Luego de un enclaustramiento de un año, además de las malas políticas económicas y sociales por parte del gobierno de facto de Jeanine Añez, la población vio mermados sus ingresos económicos. Muchos incluso estuvieron todo ese tiempo sobreviviendo con sus ahorros o con préstamos fugaces, ya que la compra de alimentos es diaria.

En Bolivia, una gran parte del sector de comerciantes vende para vivir al día, consigue lo necesario para los gastos básicos de alimentación y transporte, además de cuidar a sus familias, cumplir con sus deudas económicas y con el estudio de sus hijos.

Sin embargo, luego de un 2020 lapidario para los bolsillos de los bolivianos, con la llegada de Luis Arce y del Movimiento Al Socialismo (MAS) al gobierno se inició una intensa campaña para recuperar dinamismo económico mediante un paquete de medidas que están dando resultados.

Es por ello que cuando personajes como el gobernador de Santa Cruz, Fernando Camacho, el presidente del Comité Cívico de Santa Cruz, Rómulo Calvo, y otros, apoyados por personajes como Carlos Mesa, Jorge Quiroga y más, hablan de paralizar un día al país, todos los sectores se pronuncian en contra.

Desde la Confederación de Pueblos Indígenas del Oriente Boliviano (Cidob), además de otras organizaciones que componen el Pacto de Unidad, hasta el sector de madres solteras trabajadoras, incluyendo a los municipios, se manifestaron en estos días indicando que no acatarán la medida, defenderán la democracia y que estas decisiones para proteger a unos cuantos sólo generan perjuicios financieros.

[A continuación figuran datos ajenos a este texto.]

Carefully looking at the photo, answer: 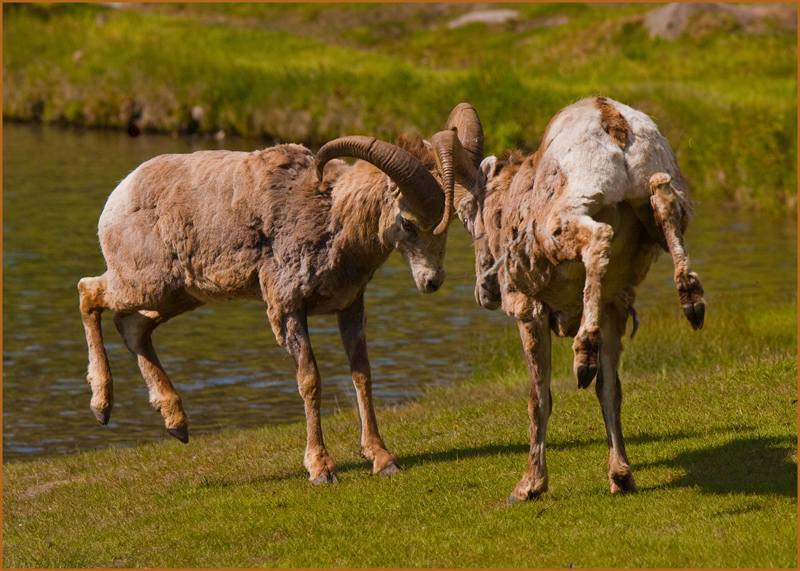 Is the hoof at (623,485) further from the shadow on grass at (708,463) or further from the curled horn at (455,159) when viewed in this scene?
the curled horn at (455,159)

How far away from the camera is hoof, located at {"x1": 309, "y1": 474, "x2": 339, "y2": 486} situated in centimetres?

El pueblo, como dijeron varios representantes de organizaciones sociales, está más interesado en trabajar para recuperar sus ingresos, lo que permite dinamizar el mercado interno y superar la crisis provocada por la anterior gestión gubernamental, además de la pandemia del Covid-19.

“Rechazamos rotundamente el accionar de algunas autoridades que pretenden nuevamente convulsionar nuestro país, buscando pretextos, sin argumentos, lo único que hacen es hacer politiquería (…) No permitirán más paros cívicos ni bloqueos que lo único que hacen es perjudicar a la economía de miles de sectores que trabajan para el día a día”, indica el comunicado de la Federación Regional de la Micro y Pequeña Empresa de la ciudad de El Alto (Fermype), postura que es replicada en general por varias otras organizaciones.

“No podíamos esperar otra cosa, no nos extraña que estén haciendo este paro, porque tienen dos objetivos, por un lado impunidad. En ese paro que están promoviendo no hay una reivindicación social, no hay nada más que el pedido descarado de que no quieren ser convocados a la justicia, no quieren ser procesados, pese a que han tenido actuaciones en la crisis política de 2019″, mencionó al respecto el canciller Rogelio Mayta.

Lo cierto es que es evidente que los cívicos y la oposición llegan a un lunes de paro sin respaldo, sin fuerza y apoyados sólo por algunas personas en las ciudades, ya que la gran mayoría trabaja en el campo, pero pese a decir que defienden la democracia, hacen oídos sordos a la mayoría de los bolivianos y buscan convulsionar el país en un mero y simple cálculo personal y político.